Exeter, who played for Blackheath, Moseley and finally London Scottish, originates from the West Midlands but learned his trade as a fitness guru in the United States after his injury.

"I broke my neck in a collision with a team-mate. They gave me two paracetamol, put me in a surgical collar and sent me home. But it kept hurting so I went for an X-ray and was advised never to play again. Then I went to Arizona State University to study the fitness and training methods of their American football team.

"I first teamed up with Gould [now Wales' manager] at West Bromwich Albion before moving with him to Coventry. The only reason I'm not still there was because he resigned. Phil Neal, his successor, is a nice guy but he didn't want me to work the way I wanted to. I linked with Gould again to train the Welsh squad, but I've dropped out of that. It was frustrating because I only got the players occasionally. I turned down an offer from a Premiership side last summer so I could join Richmond. John Kingston [Richmond's director of rugby] lets me get on with it and I've been full- time since February."

The acronym Saq (speed, agility, quickness) figures extensively in Exeter's discussions on fitness but his theories about the game are revealing to say the least. "Rugby is a very complex activity but it's not really an endurance sport. The key areas are speed and power. Players need to produce high-intensity effort continuously yet they only have a short recovery period.

"A lot of players will reach a certain level of fitness but the skilful ones will hit that vital extra five per cent.

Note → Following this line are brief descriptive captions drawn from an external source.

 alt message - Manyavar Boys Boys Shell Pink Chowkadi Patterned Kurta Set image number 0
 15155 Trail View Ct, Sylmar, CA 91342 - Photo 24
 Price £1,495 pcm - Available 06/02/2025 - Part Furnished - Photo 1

Rubber bands are used for resistance to trick your muscles into doing more work and reaching top speed quicker, even if you're twisting or turning.

"We work on power-type weight training in the gym, challenging the neuro- muscular system. Everyone wants extra bulk but if anyone does steroids here he's out, and that's written into their contracts. Anyway, bulk gives you strength but not necessarily power. Quality work is the only way to improve speed. You don't get quick over 20 yards by practising over 100 or 200 yards.

"Our sessions generally last for 90 minutes. We have a lengthy warm-up and do a lot of balletic stretching. Ideally, this approach should start in childhood - the younger you are the better you develop your balance and co-ordination. People compare rugby to NFL but I think it's really more like basketball." Indeed, Richmond have been scoring almost as prolifically as the Chicago Bulls this season and that is more than can be said of Arsenal, even under Wenger.